**Work instruction**
From the first line of the data below through the line holding "3室2厅2卫建面98平户型图", output each line exactly and leave the pictures out.
##########
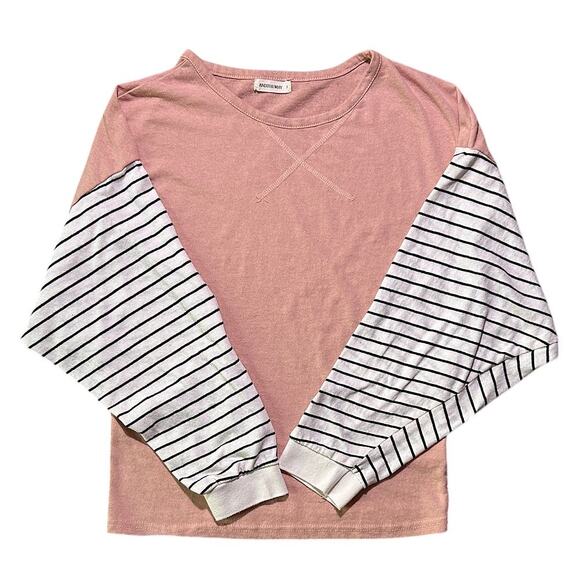 AndTheWhy Round Neck Colorblock Pink Long Sleeve T-Shirt Small - Picture 1 of 6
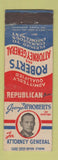 Matchbook Cover - George Roberts Attorney General Election Boston MA WEAR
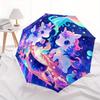 1pc Magic Potion Two Unicorns Cartoon Umbrella, Portable 3-Fold Compact Umbrella, Suitable for Camping, Hiking and Travel, Ideal Easter Birthday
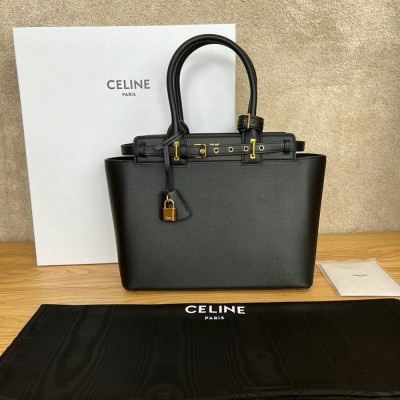 Celine Conti Bag in Black Supple Calfskin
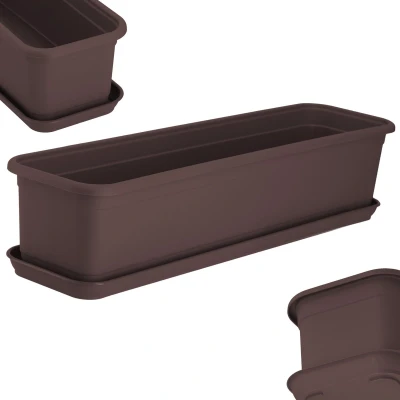 Afbeelding van KADAX Wamat, bloembak met onderzetter, balkonbak van kunststof, plantenbak voor binnen en buiten, bloempot balkon, terras, vensterbank (60 cm, bruin)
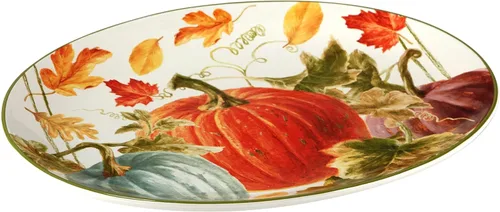 Vista 2 de Certified International Autumn Harvest - Bandeja ovalada, 16 x 12 pulgadas, multicolor, grande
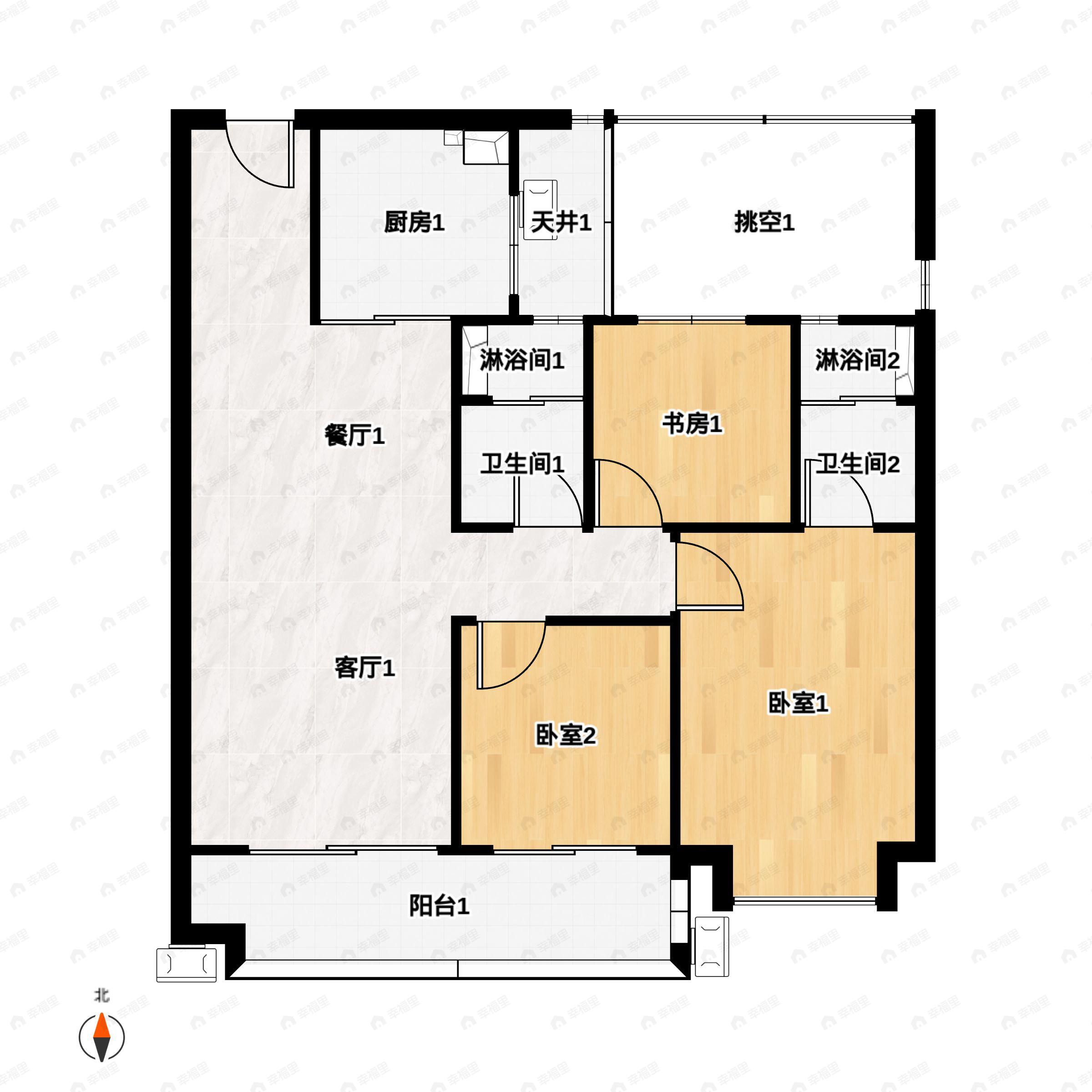 3室2厅2卫建面98平户型图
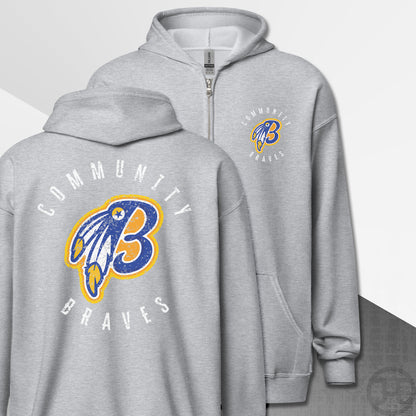 Community Braves Zip-Up B-logo Hoodie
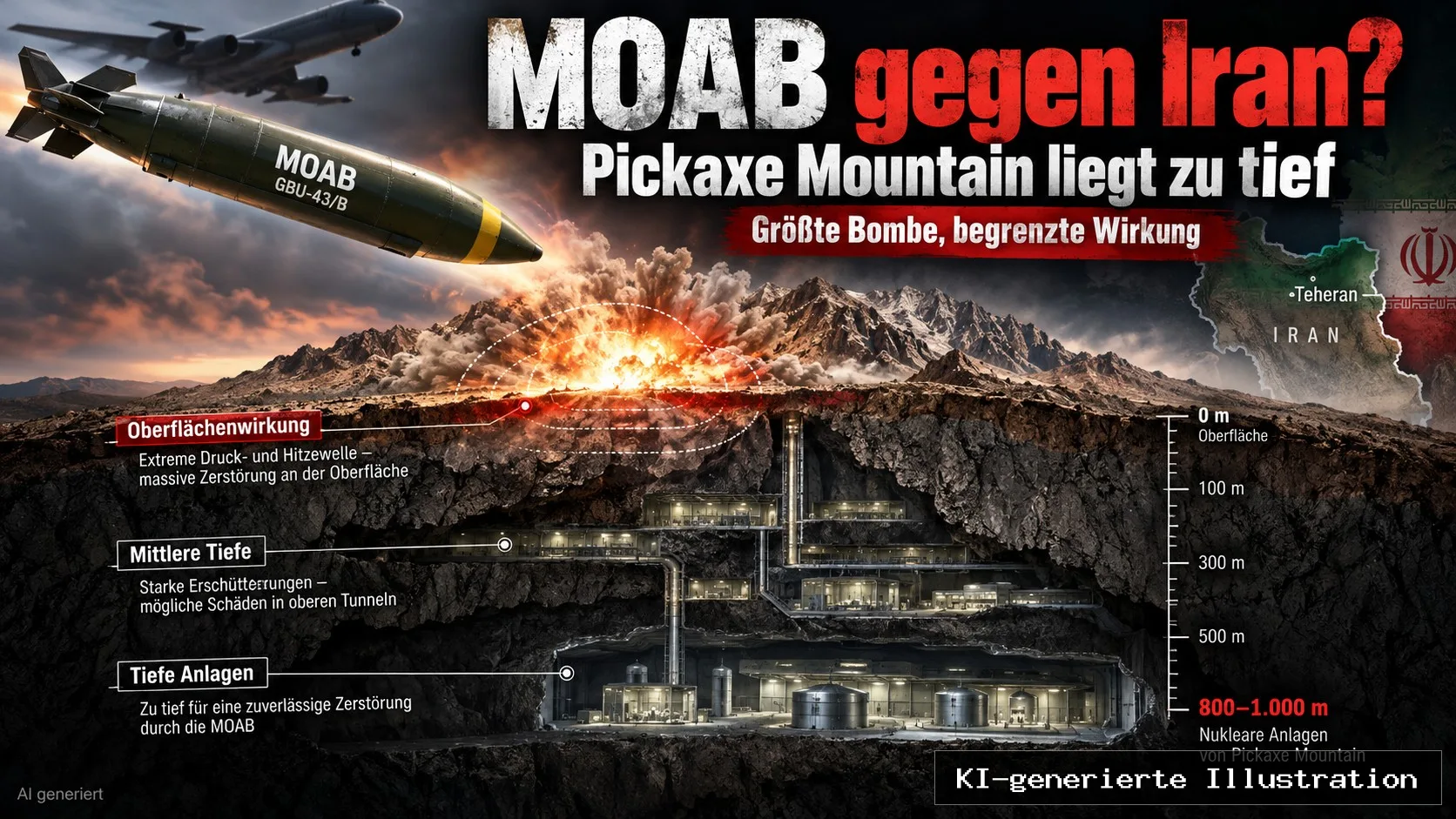 Amerikas größte Bombe gegen Iran: Trump plant einen Schlag, der den Atombunker kaum erreichen kann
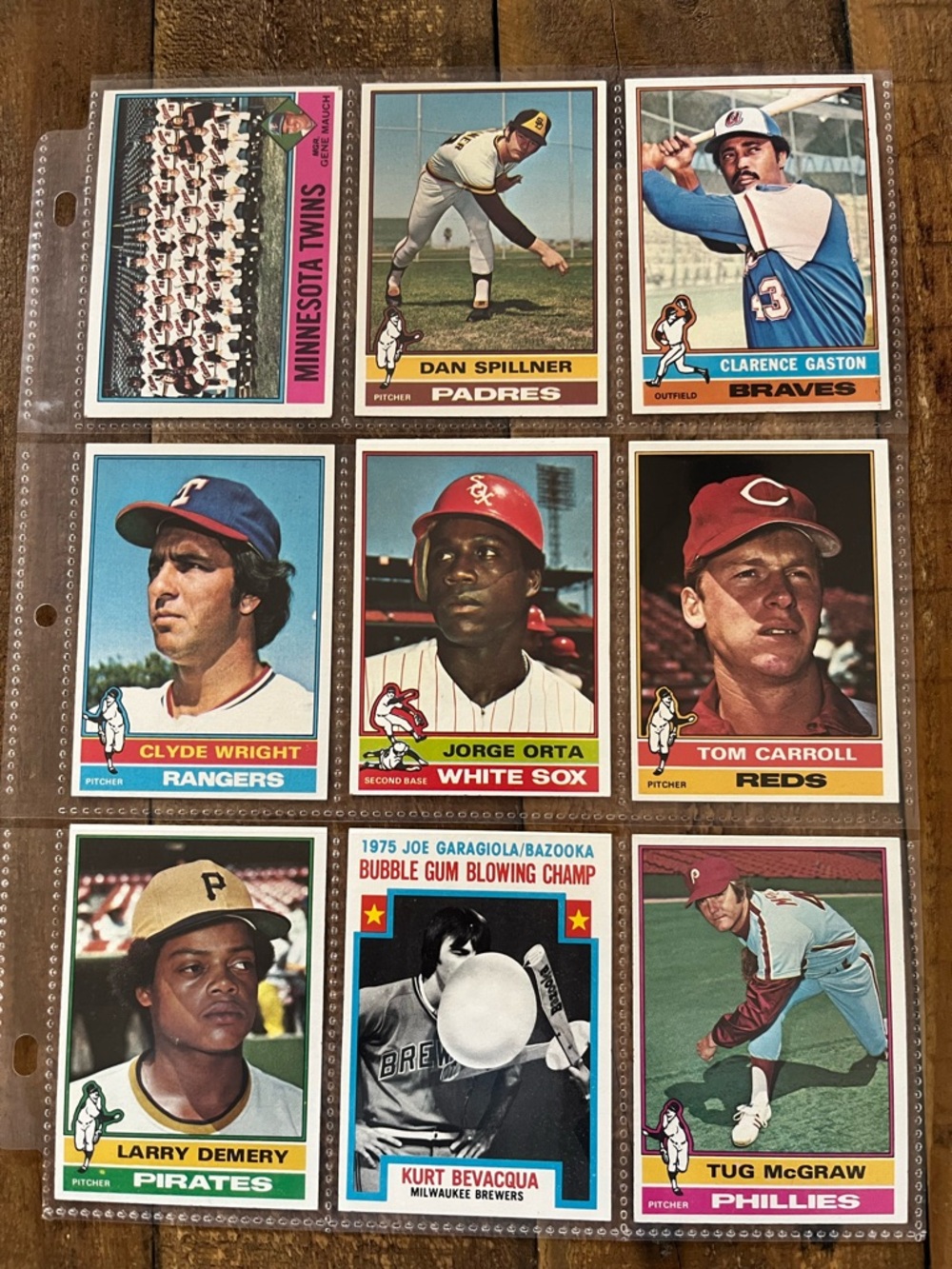 Topps Vintage 1976 Baseball Card Set - 9 Cards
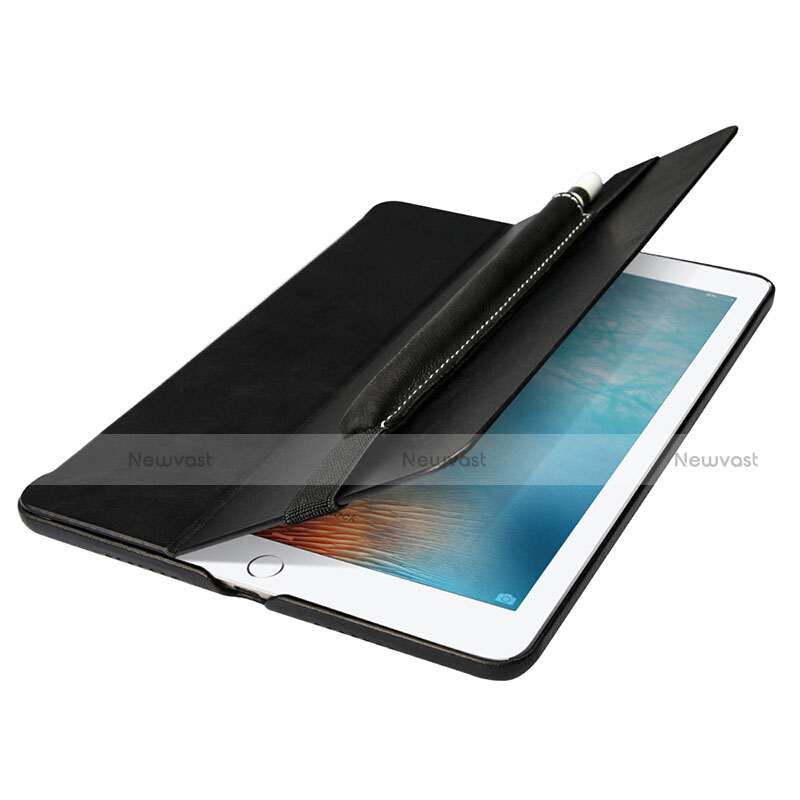 Luxury Leather Holder Elastic Detachable Cover P01 for Apple Pencil Apple New iPad 9.7 (2017) Black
##########
**Response area**
 AndTheWhy Round Neck Colorblock Pink Long Sleeve T-Shirt Small - Picture 1 of 6
 Matchbook Cover - George Roberts Attorney General Election Boston MA WEAR
 1pc Magic Potion Two Unicorns Cartoon Umbrella, Portable 3-Fold Compact Umbrella, Suitable for Camping, Hiking and Travel, Ideal Easter Birthday
 Celine Conti Bag in Black Supple Calfskin
 Afbeelding van KADAX Wamat, bloembak met onderzetter, balkonbak van kunststof, plantenbak voor binnen en buiten, bloempot balkon, terras, vensterbank (60 cm, bruin)
 Vista 2 de Certified International Autumn Harvest - Bandeja ovalada, 16 x 12 pulgadas, multicolor, grande
 3室2厅2卫建面98平户型图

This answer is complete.